Cumberland's Ben Bevans, Peter Fairbanks and Whitney Stanbrough were active in attacking or countering moves by other teams. The decisive breakaway formed during the second lap with four riders, including Fairbanks, Lees-McRae's Scott Stewart, Florida's Phil Gaimon and Clemson's Ben Zawacki.
Zawacki fell off the pace on the third lap, leaving three to deal with a short hill in the final half mile of the course.
Stewart picked the right moment to sprint and accelerate ahead of Fairbanks and Gaimon. Fairbanks countered quickly but was unable to close the gap as he crossed the finish line in second place just a few bike lengths behind.
Stanbrough and Bevans finished 11th and 17th, respectively.
"Peter closed a big gap between himself and Scott at the end," Cumberland team director Tim Hall said. "But his mistimed sprint left him with too little distance to overcome Scott's advantagge. Picking the right moment to sprint for victory is the hardest thing to judge in the heat of the moment. Timing is everything in bike racing. Despite the disappointment it was a great result for Peter and our team, which earned us valuable team points."
Saturday afternoon offered a 21-mile team time trial along most of the same roads covered in the morning road race. Racing 78 miles in the morning took its toll on Cumberland, which finished sixth, well behind first-place Clemson.
"One of our riders bonked halfway into the race and the boys literally had to stop to regain their composure," Hall said.
With only three riders competing, it meant nobody could be left behind since the final time is taken once the third rider crosses the line. The typicall college team time trial consists of four riders, but Cumberland was without Shawn Mullican for the weekend.
The team's attention turned to the Sunday criterium, which comprised of a .7-mile loop around Jordan-Hare Stadium. Weather played a critical role in the early-morning event as rain fell on the area shortly before the race began. The roads dried shortly before the race started, but another brief shower late in the race played a role in the outcome. What was supposed to be a 70-minute-plus-three-lap race turned into a 60-minute event due to the dangerous conditions.
Despite the sketchy conditions, Fairbanks attacked the course and split away from the field along with Gaimon, Stewart and Luke Winger of Lees-McRae. The quartet lapped the field midway through the race. They stayed with the main pack for several laps before surging ahead once again.

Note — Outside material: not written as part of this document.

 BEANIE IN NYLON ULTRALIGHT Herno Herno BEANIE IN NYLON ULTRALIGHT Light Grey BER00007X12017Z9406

That was when the rain returned to create slippery conditions on the course. A big crash sent several riders from the lead breakaway group to the pavement. Fairbanks and Winger crashed in Turn 1 with 20 minutes to go. Neither were seriously injured as they suffered only minor road rash. Riders who crash can take advantage of the "free-lap" rule and re-enter the race within their previous spot in the pack of riders.
"One lap I see Peter pushing the pace along with Scott Stewart, but the next time around Peter was missing," Hall said. "I immediately knew he had crashed somewhere on the course and only hoped it wasn't serious."
Winger didn't re-enter. But Fairbanks returned alongside the remaining two breakaway partners and the trio continued to build its advantage over the field.
Despite the crash, Fairbanks timed his attack perfectly, jumping ahead of Stewart and Gaimon with less than 500 meters to go. He held his lead for the last 100 meters and crossed the finish line by a bike length over Stewart for his second win of the season.
"What more can you say about Peter?," Hall said. "He was determined to not repeat his second-place finish and demonstrated why he's one of the toughest riders in our conference. We are very fortunate to have a rider of his ability within our program. Not only that, but his influence on everyone else helps to raise their abilities as well."
Cumberland's next event will be at Lees-McRae College in Banner Elk, N.C., before the regular season-ending conference championships in Nashville April 21-22.
"These last two race weekends are critical for our team," Hall said. "Both are great preparation for collegiate road nationals in early May, which is our biggest target for the season."
The nationals will be May 11-13 in Lawrence, Kans.